I’m not entirely sure what SubSample X represents, but I assume it’s a subset of the entire dataset.
If so, then I don’t think your assumption is valid and I would not expect to achieve the same results using different datasplits in different training sessions.

Hey @ptrblck, you are correct, the subsamples are a subdivision of the entire dataset. Im curious as to why the same subsample wouldnt get the same results, if it has the same values as before. I assume it has something to do with the way that the weights are initializated?

Please note that there are no new datasplits or any new preprocessing on the second run, its exactly the same sample, but instead of running the for loop for all 3 of them. The first one is excluded. Shouldnt they be independent from each other?

I might have misunderstood your use case as it seems you are not sequentially training the model but are resetting the training?
If so, I would guess the calls into the pseudorandom number generator might differ between the runs somehow. E.g. are you able to get the same initial results by just changing the order of training instead of removing a split?

@ptrblck i think this is the main problem (random initialization). Yes the training is reset after every iteration, sorry if i wasnt clear. When the order of subsamples is shuffled the results are also different. In this context, I was able to track down the random initialization and noticied that the weights for example are initiliazed at random but in a consisten ordet consistent with each run.

What i mean is that, for the fist iteration the init Weight is always the same, same thing for the second and so on. In this case, by changing the order of samples, they are initialized with different weights, thus providing a different output result each time the sample orders change.

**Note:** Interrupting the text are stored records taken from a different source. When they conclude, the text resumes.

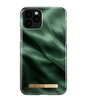 Fashion Case iPhone 11 Pro/XS/X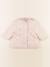 Parka - 12 mois Rose 1 - vertbaudet enfant 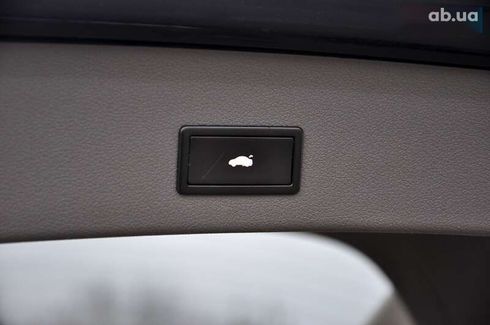 Audi Q5 2010 - фото 24
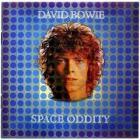 David_Bowie_-David_Bowie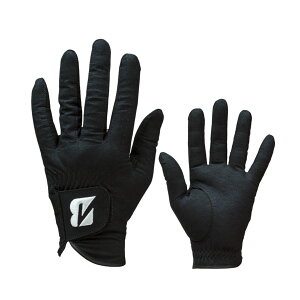 �y2026�N���f���z�u���a�X�g�� Bridgestone Golf Tour Glove �c�A�[�O���[�u GL2602 �S���t�O���[�u BRIDGESTONE TOUR GLOVE ��� �l�H��v �V�[�v �t�B�b�g�� �O���b�v�� 1�� ���[��A���h����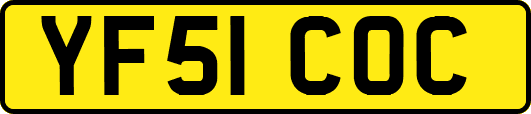 YF51COC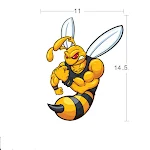 miniatures image - 0
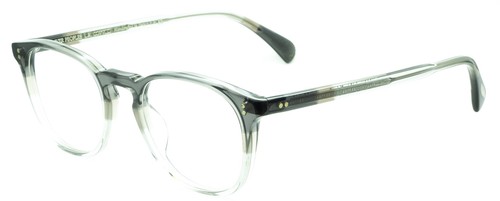 Lunettes oliver peoples finley - lunettes,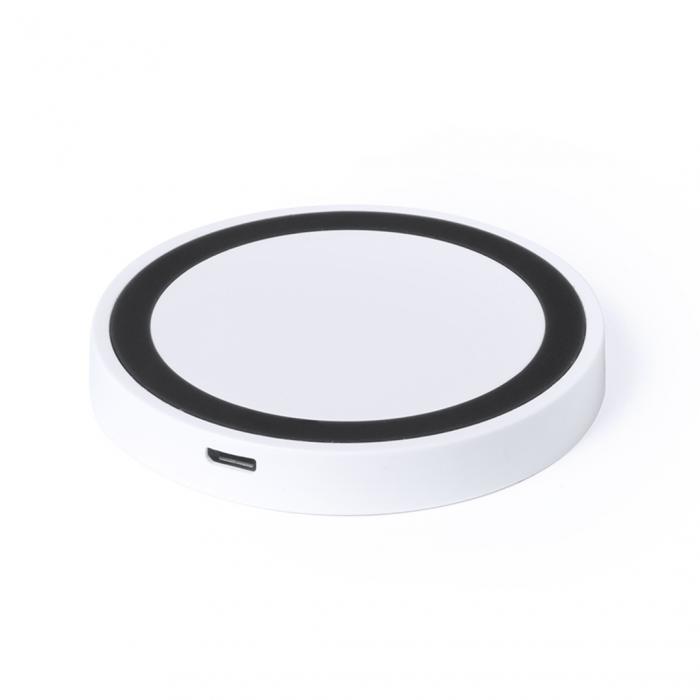Charger Radik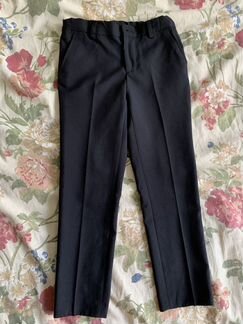 Костюм на мальчика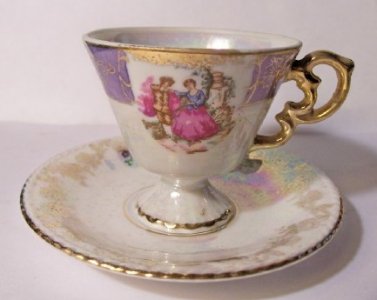 teacup 52a.jpg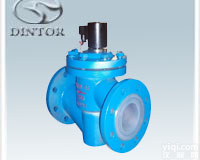 上<em>海鼎</em>雕ZCCF衬氟<em>电磁阀</em> 衬氟活塞<em>电磁阀</em> <em>电磁阀</em>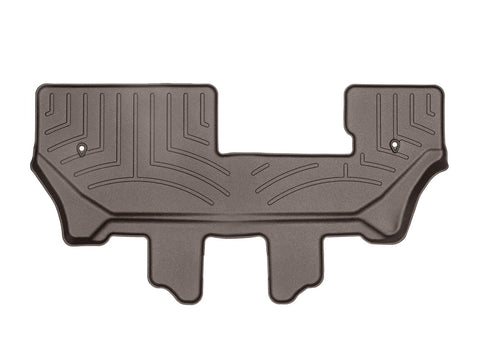 FloorLiner™ DigitalFit®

Not sure if i was clear in my explanation, see below what im trying to describe:

In the First run:
Sample 1 - weight 1
Sample2 - weight 2
Sample 3 - weight 3

In the second Run:
Sample2 - weight1
Sample3 - weight2

To ensure reproducibility i made a change to model by initializing the same weights and bias everytime by using:

class MLP(nn.Module):
    def __init__(self, input_size, dropout):
        
        super(MLP, self).__init__()
        for i in range(3):
            self.sequence.add_module(f'Linear{i}', nn.Linear(input_size, 36))
            self.sequence.add_module(f'Activation', nn.ReLU())
            self.sequence.add_module(f'Dropout', nn.Dropout(0.1))
            input_size = 36
        self.sequence.add_module(f'Linear-Out', nn.Linear(36, 1))
        
        # Deterministic Results for every iteration
        torch.manual_seed(0)
        for m in self.modules():
                if isinstance(m, nn.Linear):
                    m.weight = nn.init.kaiming_normal_(m.weight, mode='fan_out', nonlinearity='relu')
                    torch.nn.init.zeros_(m.bias)

Not sure if its the best way to fix the results or if it is good practice to use the same weights and bias for all iter, but it was able to get the same results regardless of the order of samples.

[EDIT] - Thanks in advance for the help!

I think depending on the seed and thus the PRNG could be a valid approach, but might also be really tricky, since you would need to guarantee that all calls into the PRNG are equal.
Your code to set the seed before initializing the parameters looks valid and I assume you have confirmed that indeed exactly the same parameters were sampled between different runs (e.g. Run1-Sample1 uses exactly the same parameters as Run2-Sample2).
If this is guaranteed I would then check the data loading and in particular the sampling to make sure the same samples are drawn during the training.
As a quick test you could create a fake dataset using static values (e.g. torch.ones as the inputs and just zero targets) and make sure these runs actually yield the same results.